== ASSIGNMENT ==
In the listing that follows, the range to quote begins at the line that has "Chaqueta metálica plateada - miniatura 2" and ends after the line that has "Spokane Shock owner"; quote it verbatim and add nothing.

== SOURCE RECORDS ==
· · · · · · ·

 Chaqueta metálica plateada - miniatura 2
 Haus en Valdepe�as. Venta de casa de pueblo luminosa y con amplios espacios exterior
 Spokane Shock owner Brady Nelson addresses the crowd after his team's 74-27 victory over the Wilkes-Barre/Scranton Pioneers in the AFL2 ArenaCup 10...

· · · · · · ·

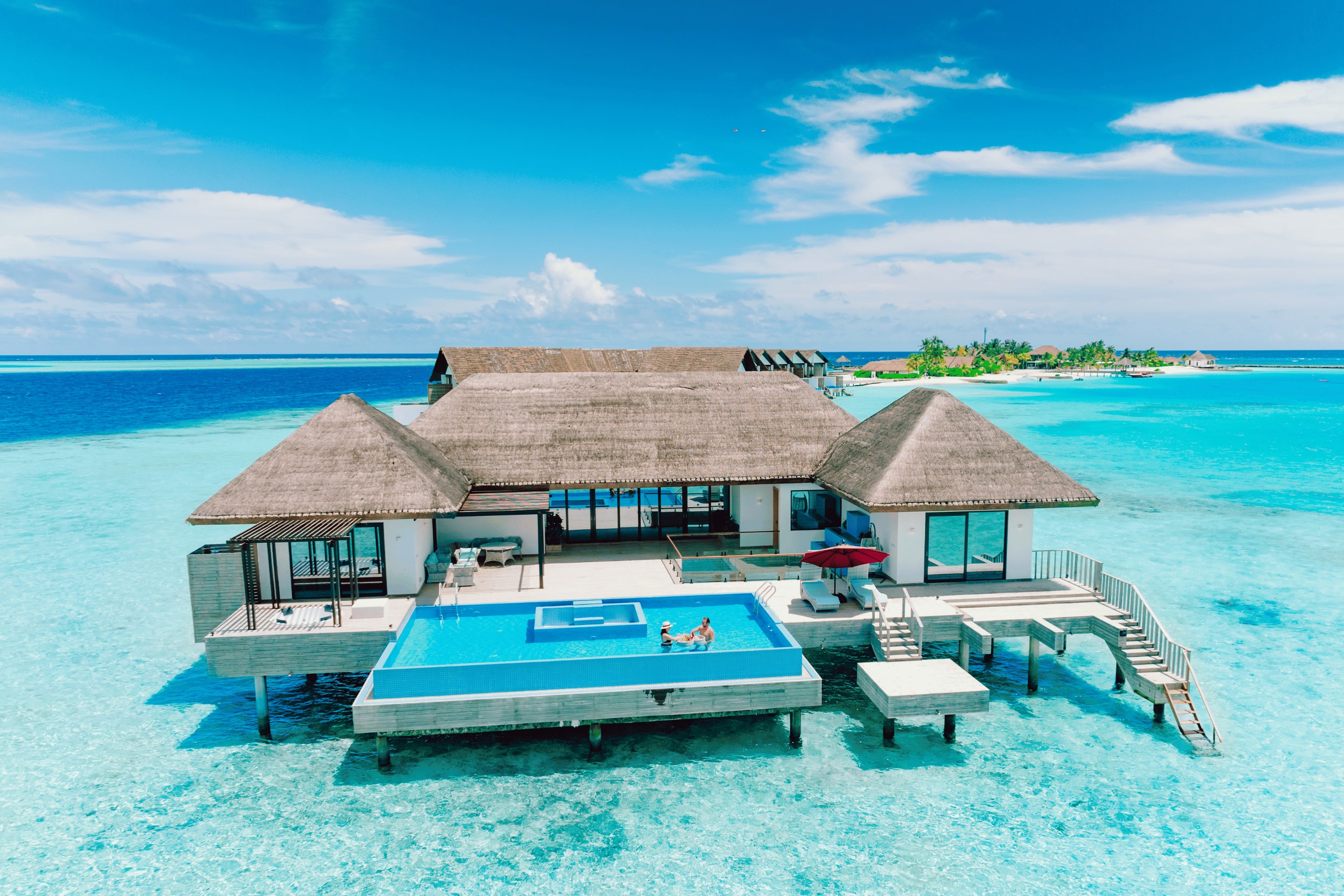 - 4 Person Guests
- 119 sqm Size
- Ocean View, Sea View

· · · · · · ·

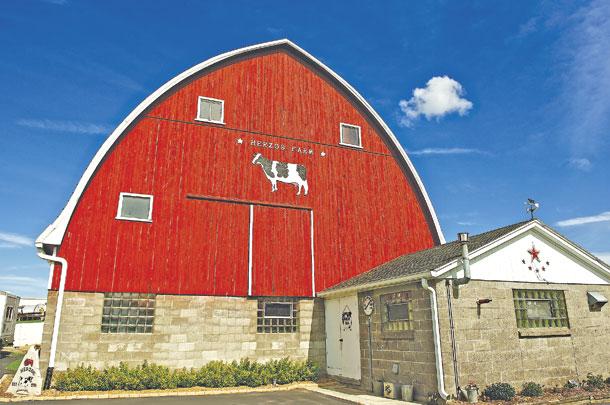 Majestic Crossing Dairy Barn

· · · · · · ·

== OUTPUT FOR THIS TASK ==
 Chaqueta metálica plateada - miniatura 2
 Haus en Valdepe�as. Venta de casa de pueblo luminosa y con amplios espacios exterior
 Spokane Shock owner Brady Nelson addresses the crowd after his team's 74-27 victory over the Wilkes-Barre/Scranton Pioneers in the AFL2 ArenaCup 10...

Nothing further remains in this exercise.